La armonía y la muchedumbre
Tres voces prístinas, a menudo, tomadas de dos en dos. Un bajo y un par de guitarras, tanto da si acústicas o eléctricas. Estrofa, estribillo, estrofa y vuelta a empezar. La fórmula resulta muy clásica, desde luego; lo difícil es lograr que funcione. Los escoceses Teenage Fanclub llevan más de cuatro lustros acreditando esa bendita habilidad, así que en la madrugada del sábado al domingo solo quedaba margen para rendirles honores, alzar los brazos y corear un puñado de melodías tan bien trenzadas que parecen escritas 40 años atrás, cuando el pop era un artefacto soleado e incontenible.
Tal era el menú de la velada: sabrosísimo. Pero luego influyen las circunstancias, y estas fueron indecentes.
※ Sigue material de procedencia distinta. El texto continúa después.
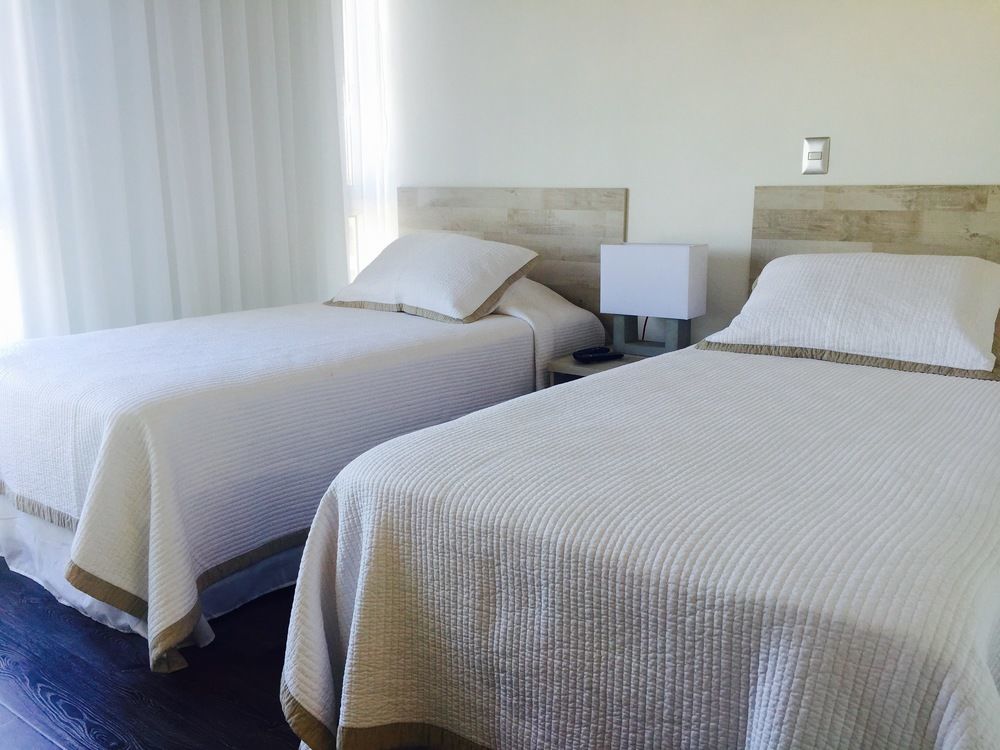 Hotel Puerto Chinchorro Аріка Екстер'єр фото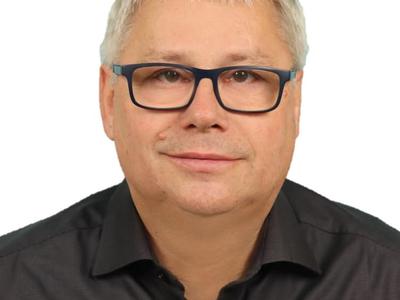 Slavko Moharič, ki bi moral naslediti Borisa Mijiča: Funkcije žal ne bom sprejel #vŽivo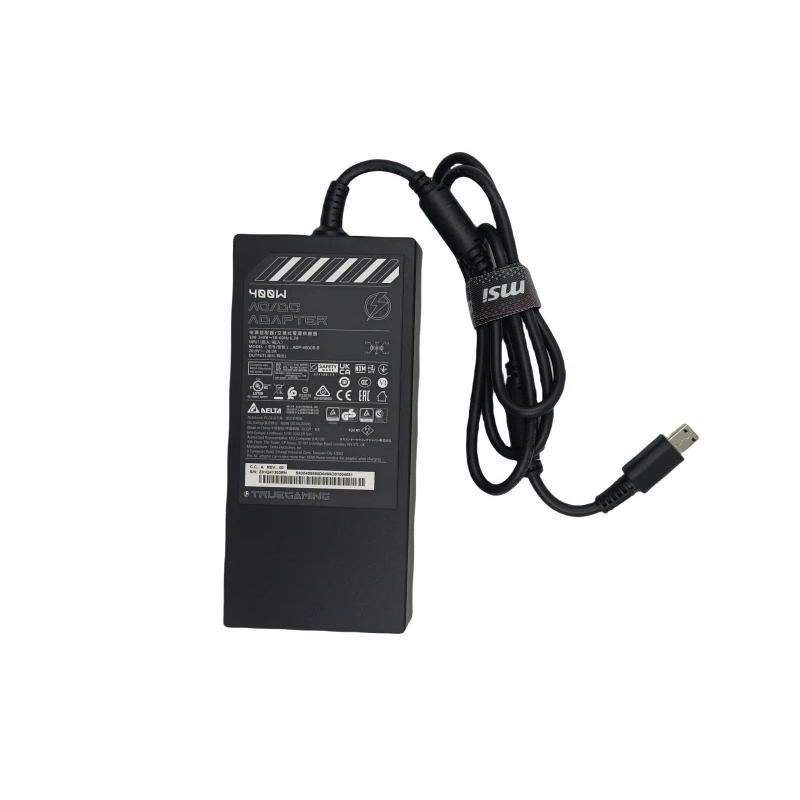 Napajalnik MSI S93-0409590-D04 400W - slika 4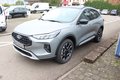 Daumennagel 4 - Ford Kuga Active X 2,5L FHEV 4x4 360/ACC/AHK/19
A las doce y media de la noche, poco antes de que Norman Blake y los suyos comenzasen a desgranar el repertorio, más de 100 personas guardaban cola en la calle, al raso y ateridas por el frío invernal. Todas contaban con la pulserita de entrada al festival Primavera Club, pero sus esfuerzos resultaron baldíos: cuatro plantas más arriba, y con los ascensores inutilizados, la Sala de Columnas era un enjambre infernal de suelo tembloroso.
No hubo forma de gozar dignamente de los nuevos temas del grupo
Como el Primavera se reparte entre salas de capacidad divergente, sus responsables se aferraban al argumento de que los recintos disponen de "aforo limitado" y adoptaban aires de ideólo-gos zen cuando algún damnificado les exponía su irritación. Por cierto, ignoramos si los integrantes de la fila callejera tenían unas ganas locas de ver a Teenage Fanclub, pero a algunos de los afortunados que se colaron en el concierto les habría dado lo mismo tener enfrente a Al Bano y Romina Power: se habrían aplicado de igual modo a la cháchara y la exaltación de la amistad.
Quedaba la opción de abstraerse, jugar con los codos y procurarse un hueco entre la muchedumbre para disfrutar de Blake, Gerard Love (bajo) y Raymond McGinley (guitarra principal), alineados al frente del escenario y alternándose en la defensa de un cancionero sumamente gozoso. Pero en ese ejercicio de bonho-mía prenavideña había que olvidarse también del sonido, infame durante toda la madrugada: apelmazado, reverberante, indescifrable. Si la mala acústica constituye una herida mortal para cualquier música en directo, se convierte en guillotinazo fulminante en el caso de una banda que ha hecho de las armonías vocales su ADN.
Fue una lástima, pero no hubo forma de gozar en condiciones dignas de los nuevos temas de los de Glasgow, reunidos en un octavo disco, Shadows, con al menos un par de títulos (Baby Lee, When I still have thee) para la posteridad. Ni tampoco del generoso recorrido por sus antecesores, con especial hincapié en aquel Songs from Northern Britain del que en 1997 nos enamoramos Nick Hornby y media humanidad. Reescuchando -o más bien intuyendo- Ain't that enough, I don't want control of you y Your love is the place where I come from se comprende que este periódico celebrase aquel trabajo con cinco estrellitas. Todas ellas siguen hoy refulgiendo.
Cuarentones y más sosegados, los Fanclub porfían en la estela que nunca les abandonó: espléndidos temas a medio tiempo no muy alejados de sus queridos Big Star, The Raspberries, Crosby Stills & Nash y, claro, The Byrds. Habrá que esperar mejor ocasión para disfrutar con su presencia. Cuando empezó la defunción incruenta del CD, los ideólogos modernos aclararon que el futuro pasaba por los conciertos en vivo. Si entre todos también nos los cargamos ahora, ya solo quedará la música de los caballitos.